Rubbish. The CBO found that cumulative emissions reduction from 2012 to 2020 in capped sectors would be more than 8% and that emissions reductions in 2020 would be nearly 12%. I’ll have more to say later on CBO’s analysis, which I am quite certain underestimates actual domestic emissions reductions (and overestimates the use of offsets). But TBI’s analysis is utterly wrong.

First let me discuss TBI’s absurd lies about Obama. And I use the word “lies” here quite deliberately — although it is a strong word even for the blogosphere — since TBI certainly understands that they are lying, as you’ll see. Indeed, attacking leaders like Obama, Gore, Waxman, the green groups, and Tom Friedman by twisting their words or misrepresenting what they have said is standard operating procedure for TBI (see here).

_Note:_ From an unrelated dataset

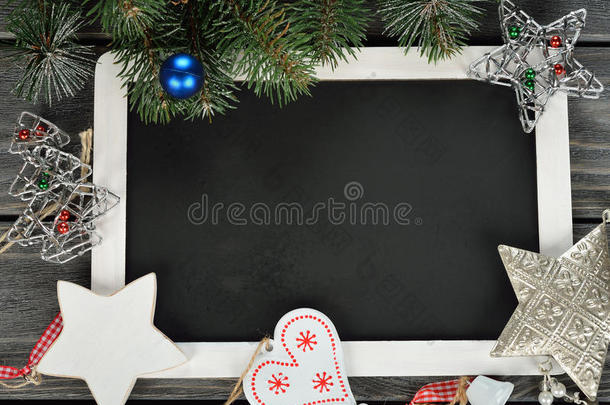 <strong>写字板</strong>和圣诞装饰品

Many people in the climate community, including me, received a press call notification today of a “Telephone Briefing on New Quantitative Analyses of Waxman Markey climate legislation” featuring Jenkins and Nordhaus, which included this brazen lie:

Supporters of the legislation tout its $1 billion investment in clean energy R&D “” that’s one-fifteenth of what President Obama promised, and one-thirtieth of what energy scientists said in an open letter last year would be needed.

That is perhaps the single most hypocritical smear that The Breakthrough Institute has ever made in its long history of pushing disinformation. Let me explain how BTI has utterly flip-flopped on one of their supposedly core beliefs in order to create the impression that Waxman-Markey fails to deliver on a core promise by Obama during his campaign. What you will see is that BTI in fact has no core beliefs whatsoever — only a single-minded quest to trash Waxman-Markey and all those who support it, including the President. And as I’ve noted, they need W-M to fail, otherwise all their claims that the environmental movement keeps imploding would be seen by everyone as the sham that it is.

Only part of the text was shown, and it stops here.